Un dipinto di Domenico Tintoretto nel palazzo ducale di Venezia celebra la battaglia navale di Salvore nel 1177. Sostituisce quello di Gentile da Fabriano realizzato due secoli prima e andato distrutti in un incendio. La Serenissima non voleva fare a meno di quelle immagini che ricordano la prima grande vittoria della flotta veneziana contro quella imperiale del Barbarossa. Il fatto è che mentre il dipinto di Tintoretto autentico il soggetto raffigurato probabilmente è un falso. Secondo gli storici, la battaglia di Salvore davanti alle coste istriane in realtà non c’è mai stata anche perché resa superflua da un accordo di pace. Ma per i dogi di Venezia, anche a costo di alterare la verità, era essenziale enfatizzare la conquista del controllo dell’Adriatico e in prospettiva l’espansione in tutto il Mediterraneo.
Comincia da questa millantata vittoria il racconto di Alessandro Marzo Magno in “Storia di Venezia in dieci battaglie navali” (Laterza, 280 pagine, 20 euro) ripercorrendo vicende che, nell’arco di quasi sette secoli, il destino della Serenissima sia stato sempre determinato dal predominio sul mare. Fatta eccezione per quella di Salvore, le altre nove battaglie sono tutte vere e ampiamente documentate. Ma soprattutto ciascuna di esse è stata cruciale per la vita della repubblica veneziana. A vittorie esaltanti come Lepanto o la prima battaglia dei Dardanelli si contrappongono cocenti sconfitte. Fra queste la più umiliante è quella della Polesella nel 1509 quando una flotta di galee veneziane penetra nel delta del Po ma viene praticamente annientata dall’artiglieria del duca di Ferrara e da allora in poi la Serenissima eviterà qualunque scontro navale su fiumi e laghi.
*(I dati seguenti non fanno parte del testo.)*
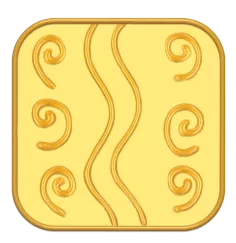 Ingrid Auer - Schutzpatron-Symbol  Benedikt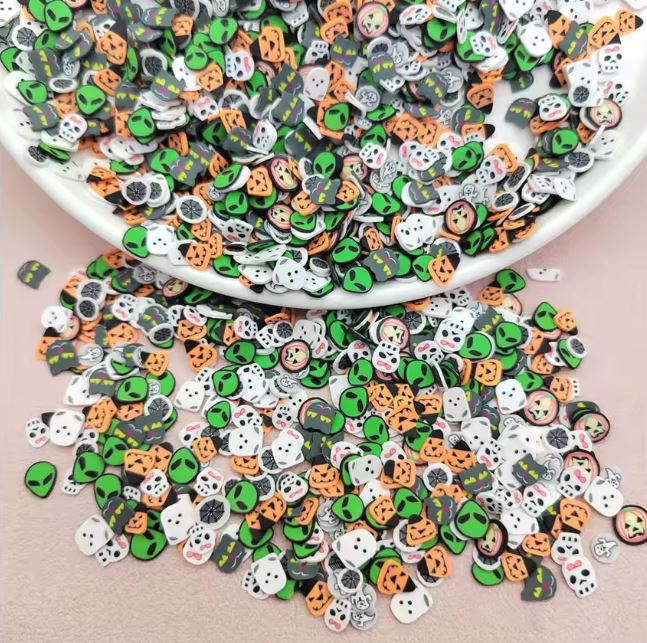 Polymer Clay - Hallow Mix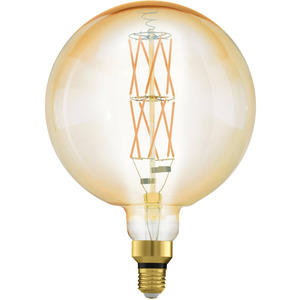 LED Lampe E27 BIG SIZE Filament GIANT G200 8W 806lm amber 2100K dimmbar 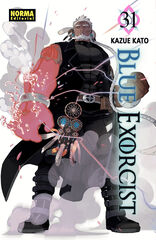 Blue exorcist 31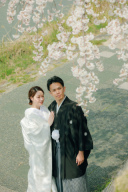 春爛漫!!桜✖️和装ロケーション!!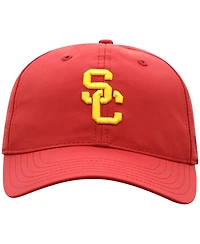 Top of the World Men's Cardinal Usc Trojans Victory Trainer Adjustable Hat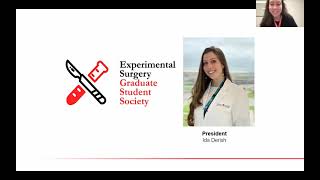 Experimental Surgery Fall 2022 Orientation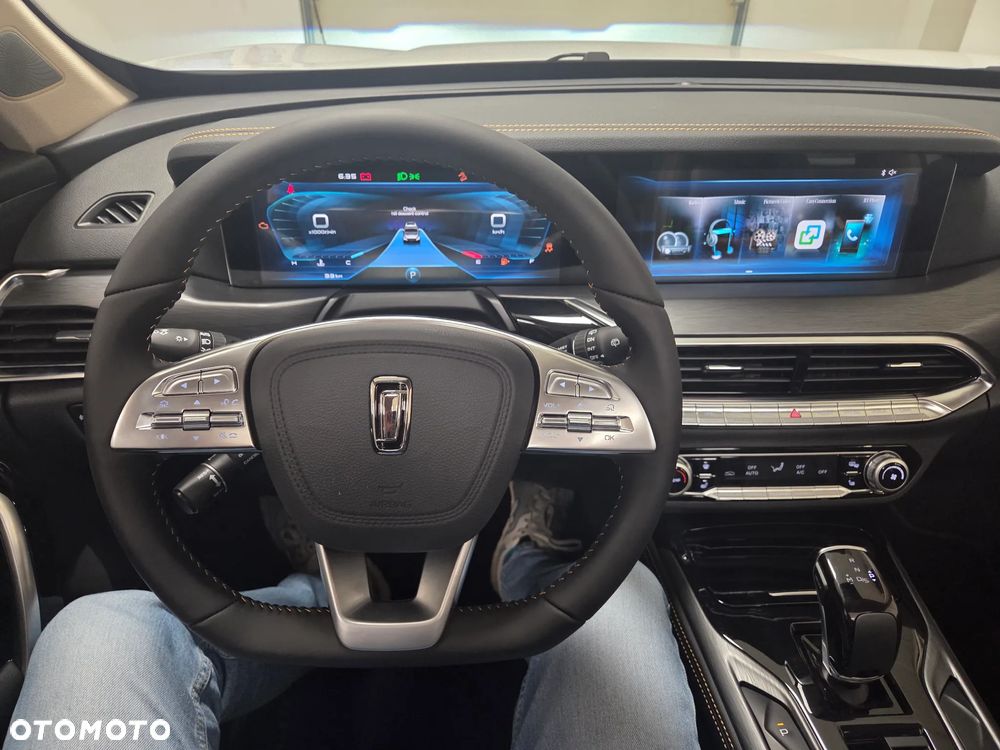 Bestune T77 1.5T Business DCT - 20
Ma se qualche episodio è a dir poco inglorioso altri risultano addirittura epici. Nel 1649 con un blitz a sorpresa a Focea sulla costa occidentale dell’Anatolia i veneziani riescono a distruggere una flotta ottomana nettamente superiore per numero di navi e cannoni. Sarà considerata una vittoria inutile perché poi Venezia perderà la guerra e parte dei suoi domini nell’Egeo ma rimane comunque un’operazione talmente ardita da essere studiata nei manuali di strategia. Il libro di Alessandro Marzo Magno racconta però non solo le vicende belliche ma porta a scoprire tutto il contesto in cui esse si inseriscono.
La forza di Venezia sta nell’avere una potente flotta da guerra. Le dimensioni tuttora visibili dell’Arsenale lo dimostrano. Ma lo conferma anche l’espansione della repubblica verso l’entroterra per avere in abbondanza il legno e il ferro per costruire navi e cannoni. Emerge anche l’interesse per l’innovazione: la maggiore potenza di fuoco dell’artiglieria delle galeazze veneziane rispetto alle tradizionali galee è determinante per la vittoria della flotta cristiana a Lepanto. Ma Venezia da sola non può competere a lungo. Nel Settecento, dalla battaglia di Matapan al raid in Tunisia, i risultati delle guerre sul mare diventano sempre più effimeri. A ripensarci forse le vittorie migliori sono quelle dove non si è dovuto sparare un colpo. Anzi, come a Salvore, non c’è stata nemmeno la battaglia.